С помощью BGM вектора BEST6016 также был клонирован 120-kb фрагмент геномной ДНК мыши (Itaya et al.,2000). Клонирование фрагмента шло в несколько этапов (рис.14). Сначала в BEST6016 клонировали первый фрагмент длиной 20 kb, а затем путём трансформации и гомологичной рекомбинации к нему были добавлены несколько фрагментов, в результате чего он был удлинён до 120 kb. Все проведённые манипуляции были аналогичны описанным выше.

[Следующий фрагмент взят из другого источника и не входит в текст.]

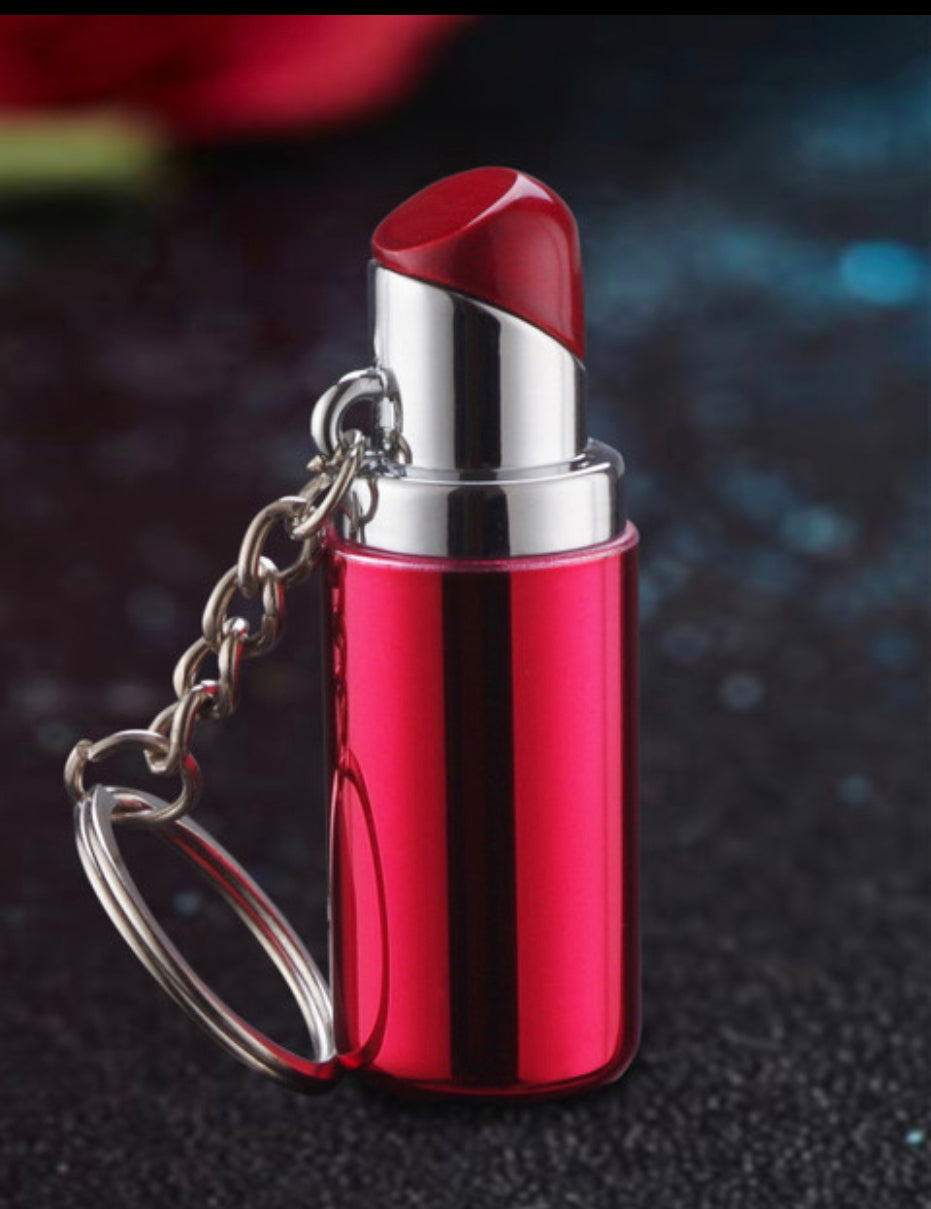 Lipstick Lighter with Keychain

С помощью BGM вектора BEST7003 был клонирован ген мыши jumonji (jmj) (Kaneko et al., 2003). Данный ген имеет размер около 200 kb. Предполагалось, что с первым интроном длиной 90 kb взаимодействуют какие-то белковые факторы, благодаря чему происходит регуляция экспрессии данного гена. Чтобы проверить это, были получены фрагменты данного интрона разной длины. Для этого в вектор BEST7003 аналогично описанной процедуре ввели 110 kb фрагмент гена, включающий первые два интрона. Далее с помощью гомологичной рекомбинации была произведена серия делеций (рис.15) и были получены несколько сегментов первого интрона различной длины. Процесс введения делеций по сути является обратным процессу удлинения фрагмента.

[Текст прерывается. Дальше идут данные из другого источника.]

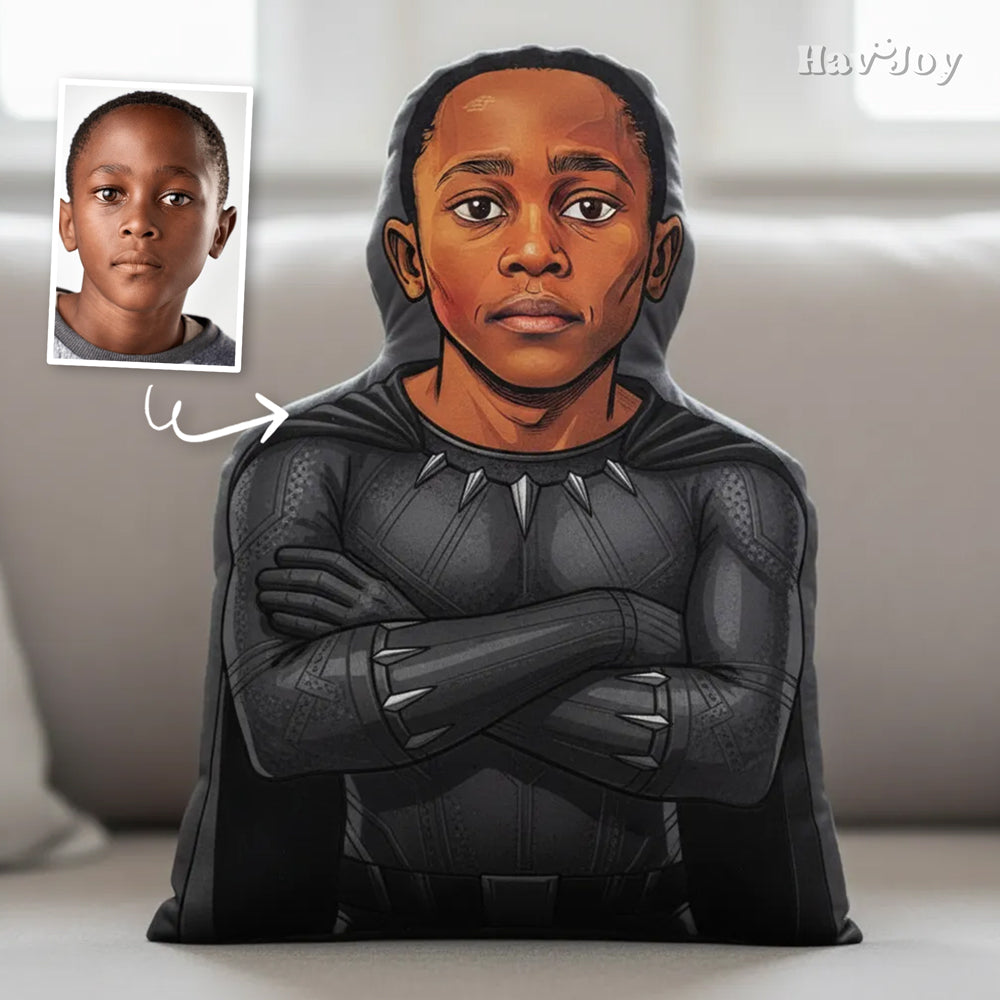 Comic Theme Handcrafted Portrait Plush Velvet Pillow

Рис.14. Объединение двух фрагментов ДНК мыши длиной по 25 kb в один фрагмент длиной 50 kb. S2, S1, M1 - LPS-последовательности. BEST2257, BGM вектор BEST6016 со вставкой первого 25 kb фрагмента. neo, ген устойчивости к неомицину, Показаны следующие этапы: [1] клонирование S1и S2 в плазмиде производной pBR322 (между S1и S2 расположен гены cI); [2] вставка в BEST2257 фрагментов S1и S2 вместе с геном cI (, репрессия гена neo продуктом гена cI). Вставка происходит в результате гомологичной рекомбинация по LPS-последовательности S1 и части pBR322 последовательности; [3] замещение cI вторым 25 kb фрагментом.

Во всех вышеописанных экспериментах клонированные в геномном векторе сегменты реплицировались как часть генома B. subtilis, поэтому они проявляли высокую структурную и сегрегационную стабильность. Клонированная ДНК стабильно сохранялась в геноме даже при выращивании в неселективной среде. При этом скорость роста рекомбинантов со вставкой части генома была такой же, как и у клеток без вставки.